### Exercise data

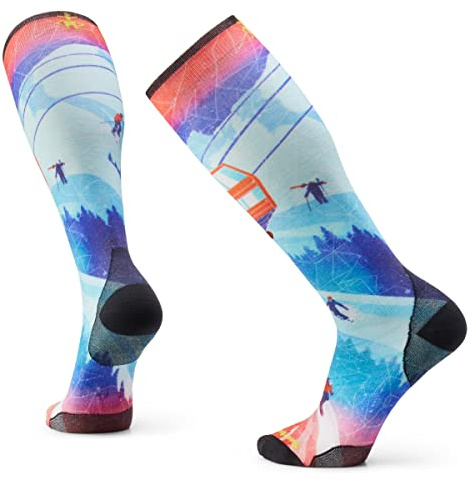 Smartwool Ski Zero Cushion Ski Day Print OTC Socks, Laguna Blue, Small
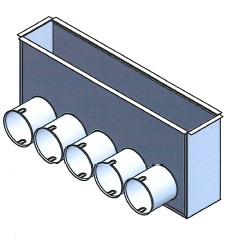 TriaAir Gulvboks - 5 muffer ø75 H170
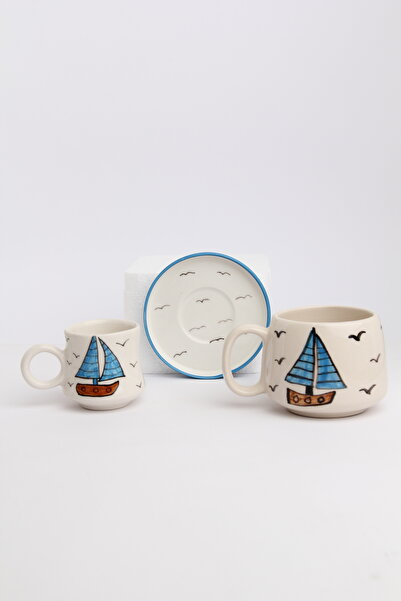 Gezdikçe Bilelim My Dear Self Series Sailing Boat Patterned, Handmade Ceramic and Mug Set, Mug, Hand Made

### Work order
Write out exactly the lines from the one that contains "TriaAir Gulvboks - 5 muffer ø75 H170" through the last line of the data above, both included. Leave every picture out.

### Response
 TriaAir Gulvboks - 5 muffer ø75 H170
 Gezdikçe Bilelim My Dear Self Series Sailing Boat Patterned, Handmade Ceramic and Mug Set, Mug, Hand Made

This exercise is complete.